Após um início modorrento, a segunda temporada de True Detective finalmente dá indícios de que seu desfecho fará justiça ao brilhante primeiro ano do show criado por Nic Pizzolatto. Focado em explorar psicológicos e revelar informações importantes, o episódio “Black Maps and Motel Rooms” (exibido no último domingo) deixa a ação de lado até seus minutos finais. Isso, porém, não significa que os 64 minutos do sétimo e penúltimo episódio da trama foram sonolentos para os fãs. Pelo contrário.

Ao final de cada cena, a única certeza de quem assiste ao episódio é que os quatro protagonistas da série estão em sérios apuros. Muito sérios. Escondidos em um quarto de motel após Bezzerides (Rachel McAdams) sequestrar uma garota da orgia secreta promovida por figurões de Vinci, os investigadores descobrem que, além de estarem sozinhos na busca do assassino de Ben Caspere, fazem parte de uma trama maior e mais perigosa do que esperavam.

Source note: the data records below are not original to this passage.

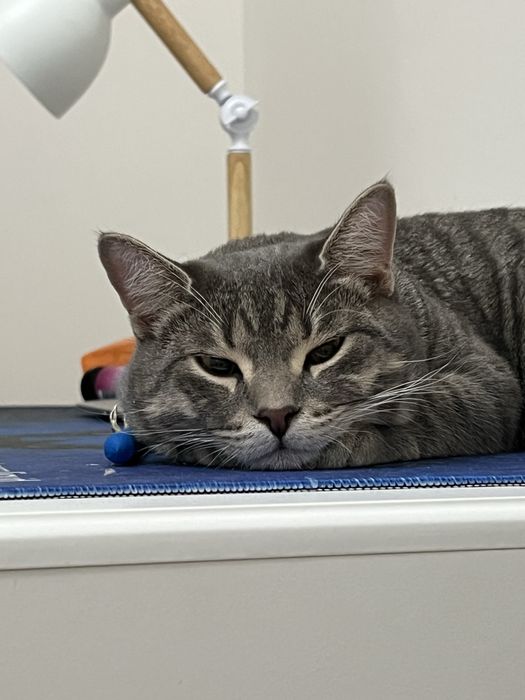 Отдадим кота в добрые руки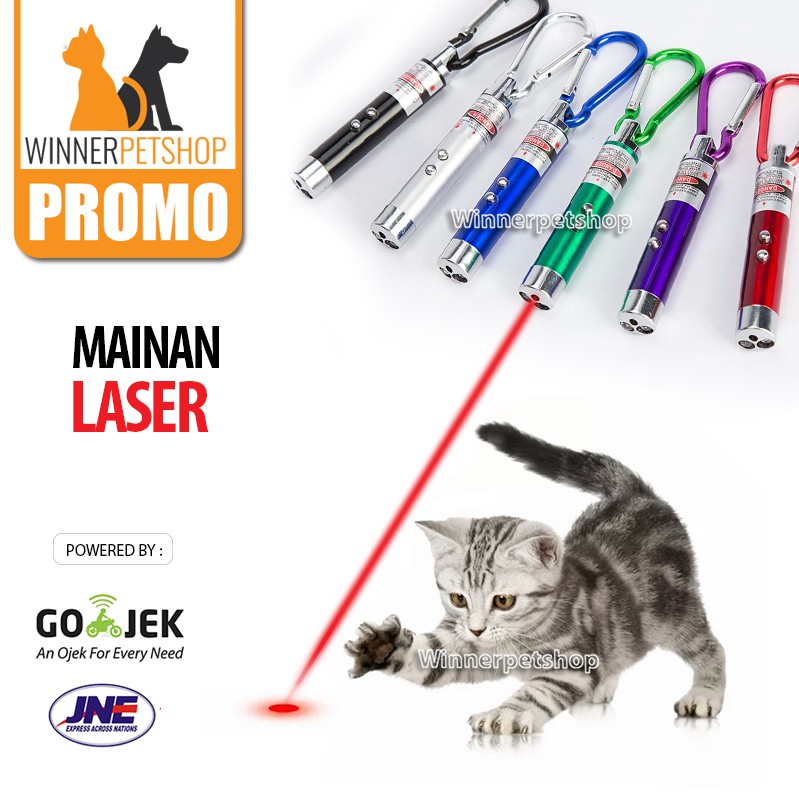  Mainan Kucing Laser  Lampu Laser  kucing  Shopee Indonesia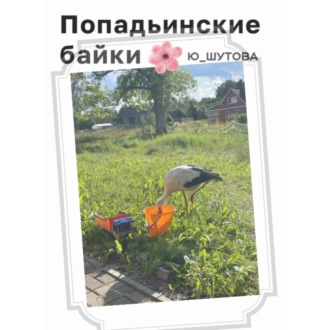 Обложка книги «Попадьинские байки»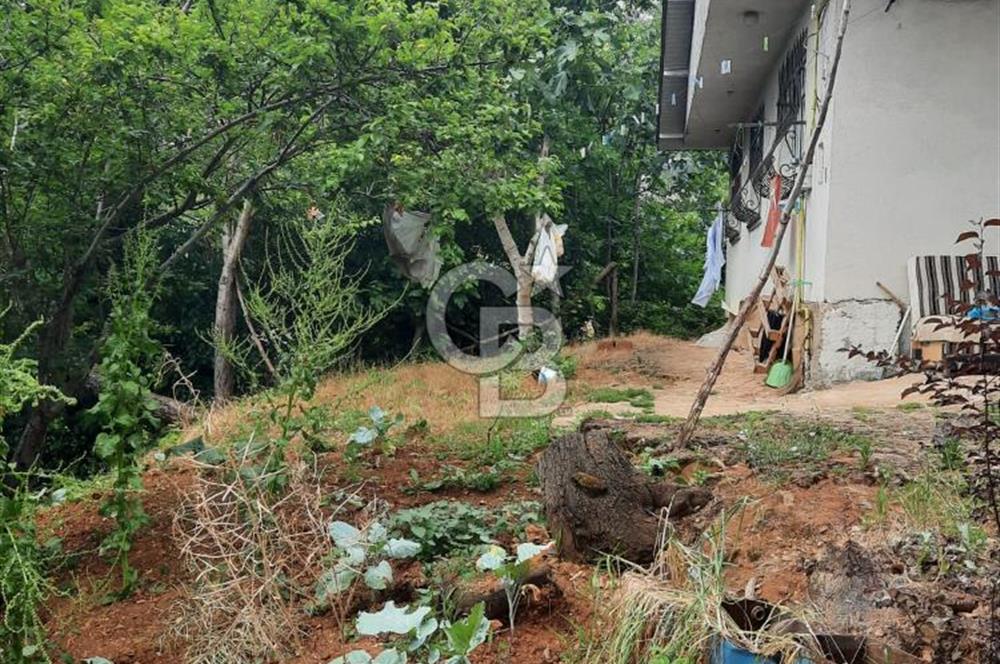 BEYKOZ TOKATKÖY DENİZ MANZARLI 704M2 MÜSTAKİL,KİPTAŞA KOMŞU ARSA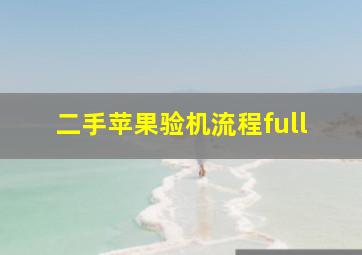 二手苹果验机流程full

Os documentos ligando a Catalyst a Osip, recolhidos por Woodrugh (Taylor Kitsch) e Velcoro (Colin Farrell) na mansão em que são promovidas as festas sexuais, revelam que Frank Semyon (Vince Vaughn) é outro que não imaginava estar encurralado. Diante do medo e da raiva por ter sido enganado, o mafioso rende algumas das melhores cenas da temporada ao definitivamente se render seu lado psicopata – liberando a tensão que acumulou durante todo o processo para tentar recuperar seu dinheiro.


Enquanto isso, Velcoro e Bezzerides passam praticamente todo o episódio enclausurados em um quarto de motel, esconderijo escolhido após os acontecimentos da noite anterior. Identificada, ela é procurada pelo assassinato a facadas do segurança da festa. Já Velcoro cai em uma enrascada e é acusado pela morte de Katherine Davis, chefe da investigação secreta em que estão envolvidos.

A atmosfera carregada do quarto em que os personagens se encontram pode ser sentida pelo telespectador, uma vez que é traduzida perfeitamente pelas cores do ambiente, pela fotografia carregada e pela bela atuação de McAdams e Farrell na conversa mais sincera da temporada. Os diálogos do episódio, por sinal, fazem justiça aos que encantaram os fãs no primeiro ano do show.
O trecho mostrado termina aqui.